In a not particularly surprising move, FurAffinity has banned AI content from their website. Ostensible justification is the presence of copied artist signatures in AI artpieces, indicating a lack of authenticity. Ilforte has skinned the «soul-of-the-artist» argument enough and I do not wish to dwell on it.

What's more important, in my view, is what this rejection means for the political future of AI. Previous discussions on TheMotte have demonstrated the polarizing effects of AI generated content — some are deathly afraid of it, others are practically AI-supremacists. Extrapolating outwards from this admittedly-selective community, I expect the use of AI-tools to become a hotly debated culture war topic within the next 5 years.

If you agree on this much, then I have one question: which party ends up as the Party of AI?

My kneejerk answer to this was, "The Left, of course." Left-wingers dominate the technological sector. AI development is getting pushed forward by a mix of grey/blue tribers, and the null hypothesis is that things keep going this way. But the artists and the musicians and the writers and so on are all vaguely left-aligned as well, and they are currently the main reactionary force against AI.

My observations from lurking around Art Twitter indicate that most artists, who are often but not always left-aligned, hate hate hate AI art. This may feel like I'm stating the obvious, since it's going to unfortunately invalidate many of their jobs overnight, but it shouldn't be understated.

There are a few strains of this.
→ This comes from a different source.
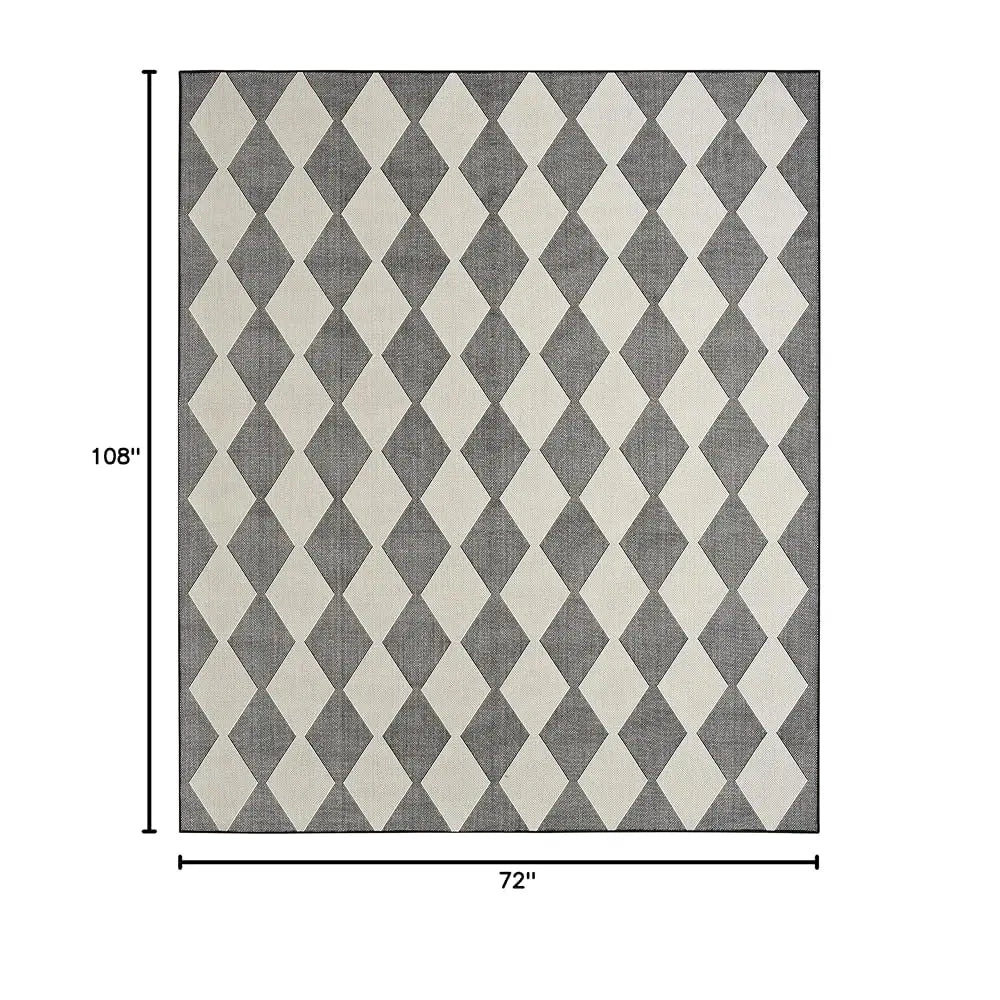 Diamond pattern Indoor/Outdoor 6' X 9'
Some are denying the power of these new programs. Some in the replies indicate this guy is cherrypicking bad results, but even if StableDiffusion can't copy him 100% yet, the time until it's reproducing his art perfectly in seconds is here in less than five years, conservatively. This one is more in the acceptance stage of grief. This is from an art YouTuber that I quite enjoy and to summarize the tweet he essentially says it's here, it's good, it's probably over soon unless you're established.

From my limited perspective, AI Art is/is going to be maligned in online spaces and among journalists in the same way as Crypto and NFTs are. Big companies will adopt it, but they will be dragged for it by the online commentary class. I've seen the term "AI Art Bro" thrown around the same why as NFT Bro, which makes me a bit sad. The tech will be supremely disruptive in a way Crypto and especially NFTs can only gesture at being, but there are a lot of upsides to it, and I get the feeling that many people are dismissing it without giving the implications much thought because of the class of people they perceive as being most excited about it.
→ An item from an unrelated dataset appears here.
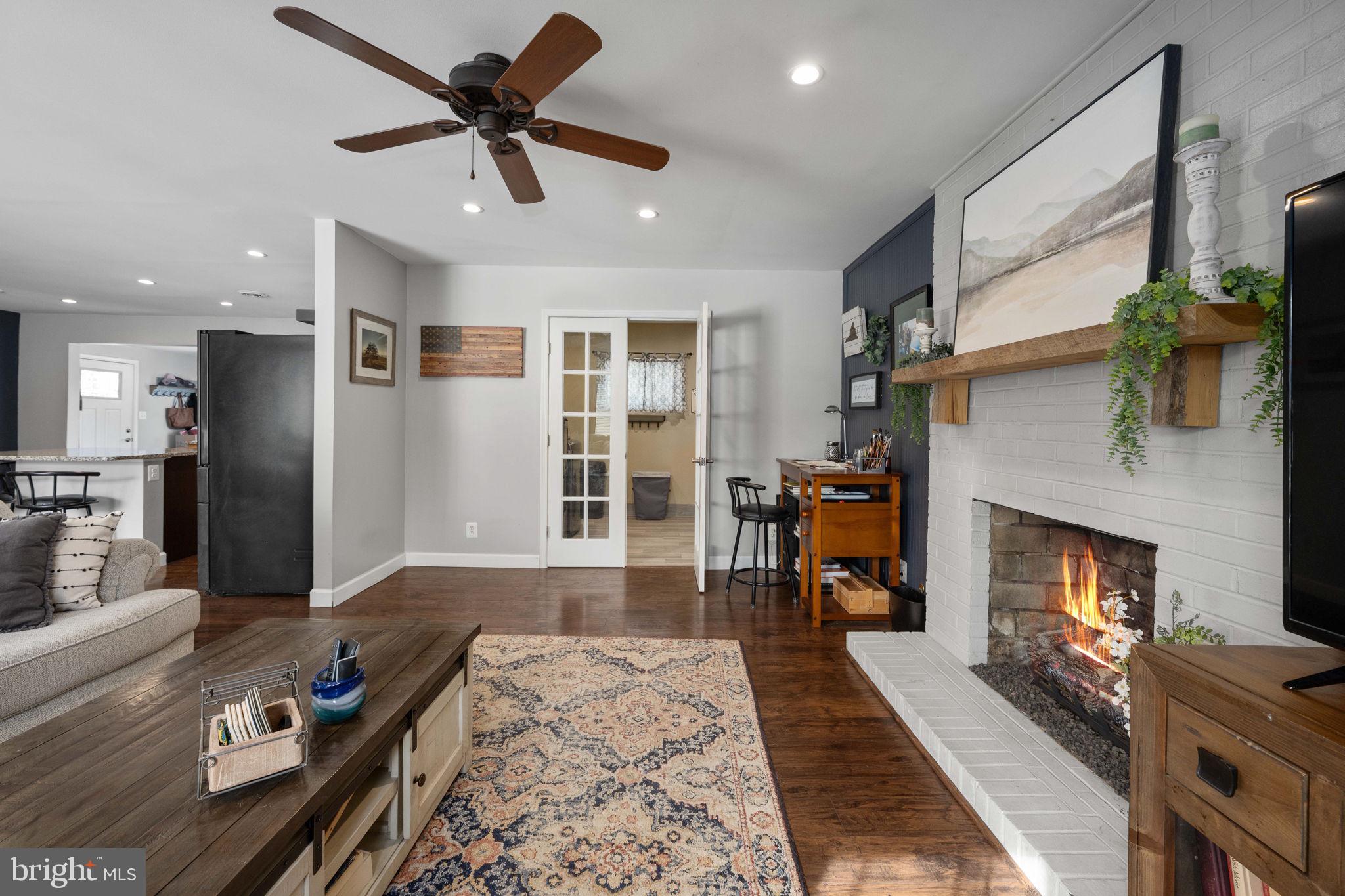 THE MEADOWS - Residential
Personally, I think it sucks for the artists who get displaced, and they will be displaced, but it's good overall for everyone else who isn't an artist. Others have discussed how many doors it opens to have cheap, instant, bespoke art that you can dictate into a text document… Still, there's something deeply psychologically troubling about some code making something you base your identity on obsolete, so I do genuinely feel for them.

I think voice acting is one that's going to be hit soon as well. I look forward to this for similar reasons - how many games and productions are bottlenecked in quality/money by the high cost of voice acting? The outpouring of art we'll see from people who didn't have the resources beforehand is something that excites me.
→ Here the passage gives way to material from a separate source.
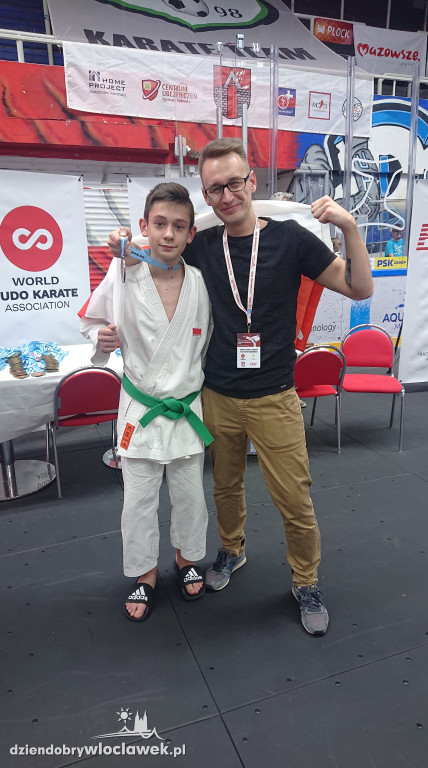 Karatecy z kolejnymi medalami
To answer your prompt on tribe distinctions, this one might fall more on the growth/retreat split that was brought up by Ilforte. Retreat mindset focuses on artists losing their jobs and deepfakes allowing for misinformation. Growth mindset focuses on democratizing access to art and all the new doors opened by AI content.

The outpouring of art we'll see from people who didn't have the resources beforehand is something that excites me.

Except we've been down this road before. While the future you describe is theoretically possible, it's simply not what we're going to get. Before AI, Computers also democratized art production. CGI that would blow the minds of every single person on Earth back when I was a kid, is reproducible by mildly talented teenagers, for basically no cost other than their time. Same for editing, SFX, or practically any aspect of media production.

On top of that, the Internet later democratized distribution. No more begging publishers to kindly take a look at what you created. If people like what you made, they will get it from you directly, and tell all their friends about it.

And what is the end result off all this "democratization"? A golden age of creativity? People taking risks to create new art no one has ever seen before? Or millions of people making the exact same video, talking about the exact same thing, hoping to appease the recommendation algorithm, and endless livestreams of people playing video games, and gossiping about the news, and things other people have done?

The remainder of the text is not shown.